Mesmo dizendo ter perdido muitas noites de sono diante do desafio de filmar a vida do herói irlandês Michael Collins (1890-1922), o também irlandês Neil Jordan conseguiu tornar o tema delicado do seu novo filme num épico fácil de assistir.
Mais fácil ainda é não errar o lado da torcida na hora da definição dos vilões da história.
Neil Jordan parece não ter dificuldades em lidar com evidências históricas. Não há constrangimentos ou reservas para se mostrar o IRA (Exército Republicano Irlandês) em sua origem romântica e, ao mesmo tempo, explosiva.
É fascinante acompanhar a luta de Michael Collins, desde 1916, pela libertação da Irlanda do domínio britânico.
O que vemos é mais do que uma sintética aula de história contemporânea. É inevitável atribuir ao IRA o pioneirismo em uma técnica de sublevação, terrorismo, guerrilha urbana e sabotagens que depois se espalharam pelo mundo -da China de Mao à América Latina de Che Guevara.
Com atrocidades dos dois lados, as sabotagens do IRA desestabilizaram a reação britânica depois de sete séculos de colonização.
Torcida
Diante da ordem das evidências que o filme apresenta, torna-se inevitável torcer pelo IRA. As evidências históricas juntadas para "Michael Collins" definem os vilões a serem execrados pelo resto da narrativa: os ingleses.

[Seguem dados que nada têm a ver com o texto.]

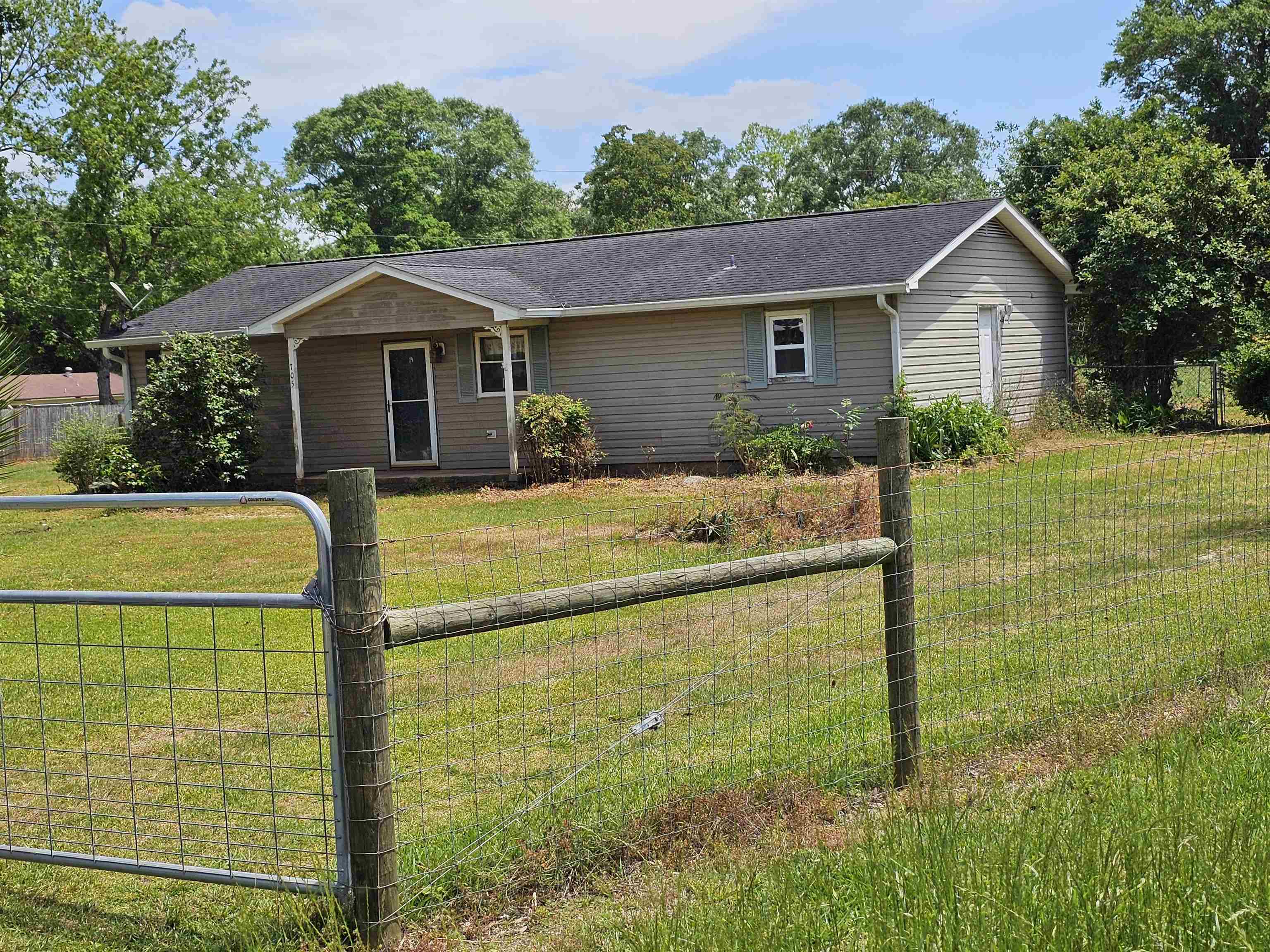705 West Railroad Street Bay Minette, AL 36507 - Photo 1 of 2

Com comoção e espanto, vemos a ação do IRA ser envolvida pelos princípios que ativam a formação de um partido político. Partido que começa nos trabalhos de base e atinge as traições palacianas.
Como em qualquer retrospecto político, românticos como Collins serão lembrados por sua cega obstinação. Ou o que se chamaria hoje de trabalhos de base.
Collins cuidava da seleção de jovens voluntários para as suas armadas, inclusive os "squads", responsáveis pela execução de agentes britânicos pertencentes a uma temível tropa de elite conhecida como "Gangue de Cairo".
A resposta a uma ação desencadeada em 1920 foi o massacre aleatório de 14 torcedores de futebol num estádio de Dublin. A reconstituição do episódio conhecido por "Bloody Sunday" é memorável no filme de Jordan.
As concessões do diretor ficam no campo da narrativa, com a dramaticidade resumida ao sabor da síntese histórica. Um agente duplo chamado Ned Broy morre torturado no filme. Ele, fora da ficção, sobreviveu aos massacres daquele domingo sangrento.
Morre no filme para provocar mais comoção, Jordan, contudo, apaga da narrativa o sacrifício real de dois colaboradores de Collins -Dick McKee e Peadar Clancy, estes sim torturados até a morte.
Personalidade
A personalidade de Collins também dança ao sabor da fantasia cinematográfica. É verdade, como o filme mostra, que a repressão britânica nunca conseguiu capturá-lo. Faltava uma boa foto dele em seus arquivos. Mas a sua vida misteriosa é decantada em detalhes reveladores e duvidosos.
Julia Roberts desfila a sua serena insegurança dividida entre os amores de Collins e de um de seus principais auxiliares.
E o filme termina por sugerir que a inclinação final da mulher por Collins foi um dos motivos que provocaram o racha partidário que levou à sua morte e jogou a jovem república irlandesa numa guerra civil.
Pior é o papel maquiavélico reservado a Eamon de Valera, que aparece como uma sombra ambiciosa de teatro shakespeariano, capaz de tudo para não se queimar antes do tempo. Este personagem real sobreviveu e terminou presidente da Irlanda.
Com ele aprendemos que a política fica por conta de quem não sabe fazer outra coisa.